_PROMPT:_ With the images removed, transcribe the listing that follows exactly.

_DATA EXTRACT:_
+++

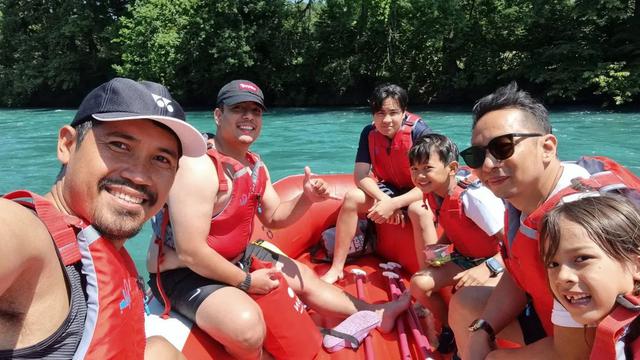 7 Potret Liburan Ringga Agus Rahman di Swiss, Seru Susuri Sungai Aare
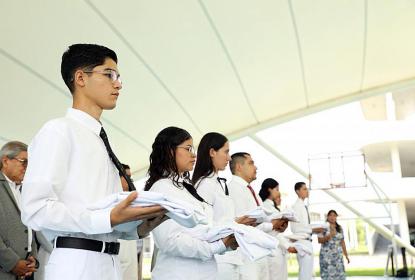 Imponen batas a la primera generación del programa de Médico, Cirujano y Partero del CUValles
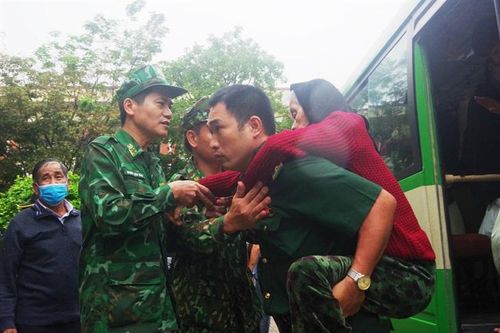 BĐBP Quảng Nam: Sơ tán hàng nghìn người dân ra khỏi vùng nguy hiểm để tránh bão số 4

+++

_PROBLEM SOLUTION:_
 7 Potret Liburan Ringga Agus Rahman di Swiss, Seru Susuri Sungai Aare
 Imponen batas a la primera generación del programa de Médico, Cirujano y Partero del CUValles
 BĐBP Quảng Nam: Sơ tán hàng nghìn người dân ra khỏi vùng nguy hiểm để tránh bão số 4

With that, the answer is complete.